• [Work order] Take the whole listing and reproduce it exactly, pictures excepted.
BEGIN Recorded information
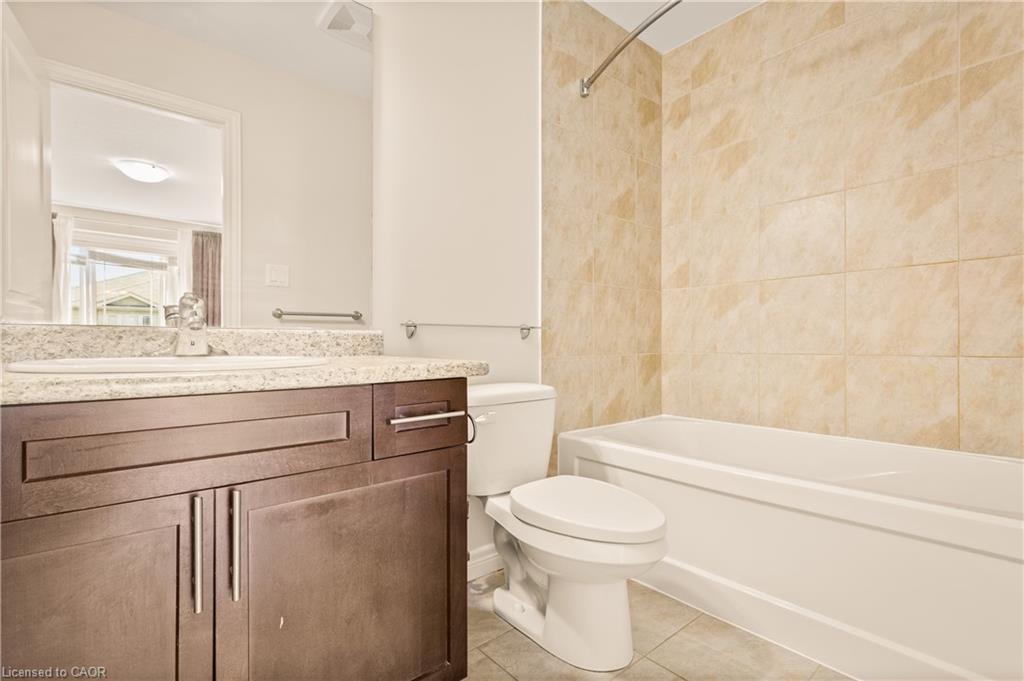 33-6 Chestnut Drive, Grimsby, ON - Indoor Photo Showing Bathroom
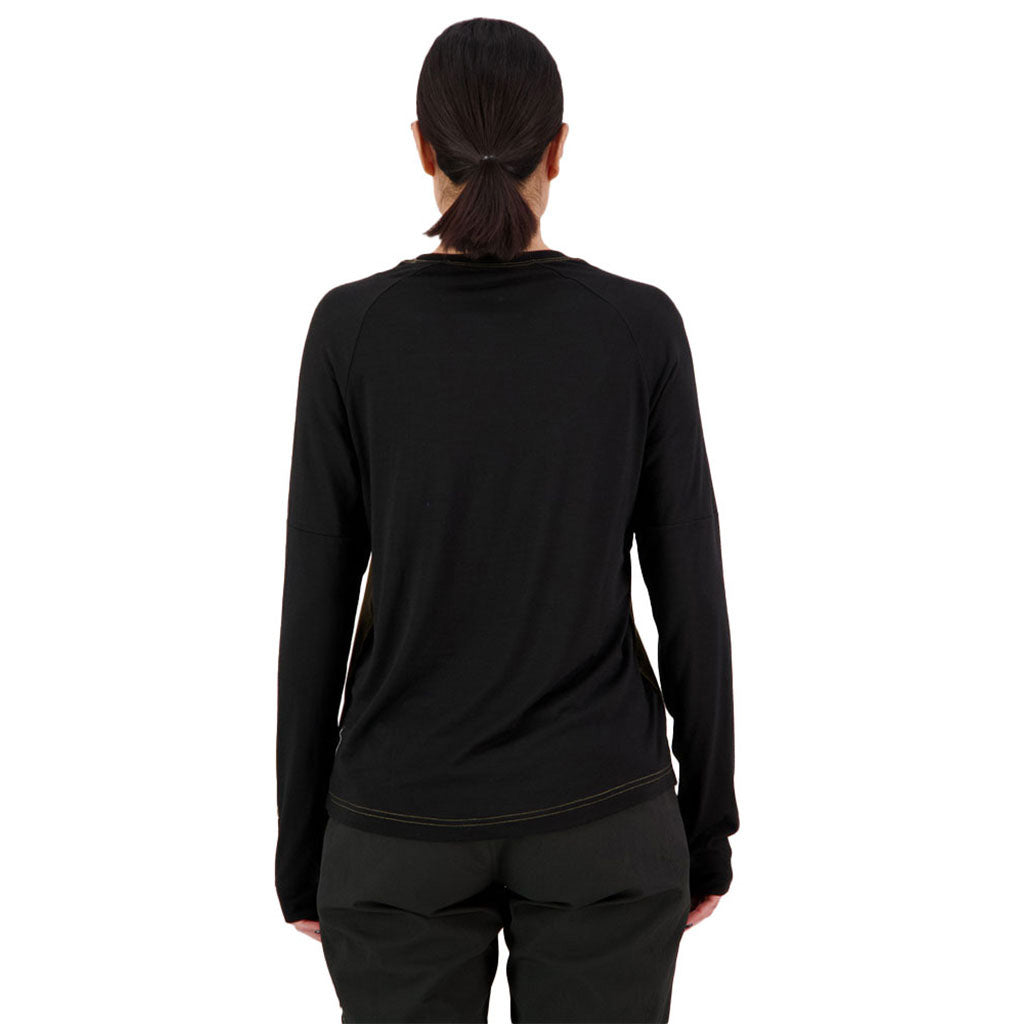En T-Shirt, Tarn Merino Shift Wind Jersey i farven Lichen / sort set bagfra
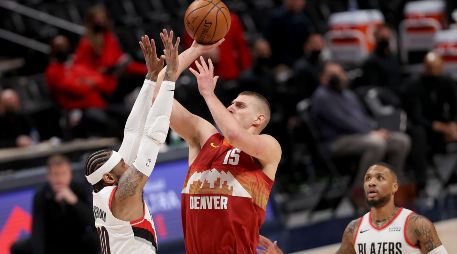 ESTRELLA. Jokic trazó el camino para emparejar la serie. AFP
END Recorded information
• [Solution]
 33-6 Chestnut Drive, Grimsby, ON - Indoor Photo Showing Bathroom
En T-Shirt, Tarn Merino Shift Wind Jersey i farven Lichen / sort set bagfra
 ESTRELLA. Jokic trazó el camino para emparejar la serie. AFP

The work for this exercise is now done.